British foreign secretary William Hague, addressing a joint press meet along with Indian foreign minister Salman Khurshid said his colleague minister heading the department for international development (DfID), Justine Greening, would be examining the areas where Britain is providing funding to India and take a decision.

The issue was said to have figured in Hague’s talks with finance minister P Chidambaram. 

Khurshid dismissed the issue saying "Aid is past, trade is future.” He added:” If we did not discuss it (aid issue), it did not merit a discussion."

However, Hague remarked:  "We have been discussing the issue... The governments of UK and India have agreed on the way forward on this issue."  He, however, did not elaborate.

 The issue was a topic of discussion in diplomatic circles here after The Sunday Times reported the David Cameron government has planned to cut the aid as a result of the growing domestic pressure to stop funding to emerging economies like India, at a time when Britain was facing an economic downturn.

 The issue may figure during the forthcoming visit of Greening to India when the two countries may discuss a time-table for "winding down" British aid commitment to India, the report said.

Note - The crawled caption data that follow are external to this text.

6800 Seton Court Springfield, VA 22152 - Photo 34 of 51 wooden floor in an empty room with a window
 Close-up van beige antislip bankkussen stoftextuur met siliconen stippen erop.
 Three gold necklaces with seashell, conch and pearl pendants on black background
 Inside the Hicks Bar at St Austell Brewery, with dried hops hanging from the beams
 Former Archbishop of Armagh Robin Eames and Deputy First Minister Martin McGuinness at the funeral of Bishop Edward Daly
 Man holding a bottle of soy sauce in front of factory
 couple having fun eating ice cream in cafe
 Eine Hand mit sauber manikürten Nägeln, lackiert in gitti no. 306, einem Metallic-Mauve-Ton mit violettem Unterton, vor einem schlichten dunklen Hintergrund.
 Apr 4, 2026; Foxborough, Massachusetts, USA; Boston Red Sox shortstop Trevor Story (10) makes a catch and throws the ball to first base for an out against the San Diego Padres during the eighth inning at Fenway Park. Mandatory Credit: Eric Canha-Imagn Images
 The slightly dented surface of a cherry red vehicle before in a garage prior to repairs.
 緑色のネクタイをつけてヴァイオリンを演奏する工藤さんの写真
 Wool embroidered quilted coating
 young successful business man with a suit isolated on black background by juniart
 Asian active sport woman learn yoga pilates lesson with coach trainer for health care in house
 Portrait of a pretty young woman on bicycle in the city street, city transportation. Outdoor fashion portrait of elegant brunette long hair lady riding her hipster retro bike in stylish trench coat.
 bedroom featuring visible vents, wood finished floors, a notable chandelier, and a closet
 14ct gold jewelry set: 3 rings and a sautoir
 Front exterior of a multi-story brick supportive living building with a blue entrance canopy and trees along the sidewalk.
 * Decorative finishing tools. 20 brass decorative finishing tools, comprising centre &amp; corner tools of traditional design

 The two countries Thursday held the India-UK Strategic Dialogue which covered a gamut of issues such as security situation in the region, civil nuclear energy, defence, counter-terrorism and cyber security.

They also decided to conduct their Cyber Dialogue on a bi-annual basis to “achieve objectives such as reducing the risk of threats from cyberspace to international security and tackle cyber crime.”

Bilateral trade was a major topic of discussion and Hague expressed confidence trade between the two countries would double in the next three years on stronger economic and business ties.

"Since 2010, our partnership has truly become stronger, wider and deeper. We are on course to hit our target of doubling trade by 2015," he said.

The bilateral trade in 2010 was worth 10 billion pounds. The two countries had set a bilateral trade target 20 billion pounds by 2015.

Responding to a question on the situation in the region especially on Afghanistan and India’s neighbourhood, Hague said, "We greatly value India's counsel and cooperation.”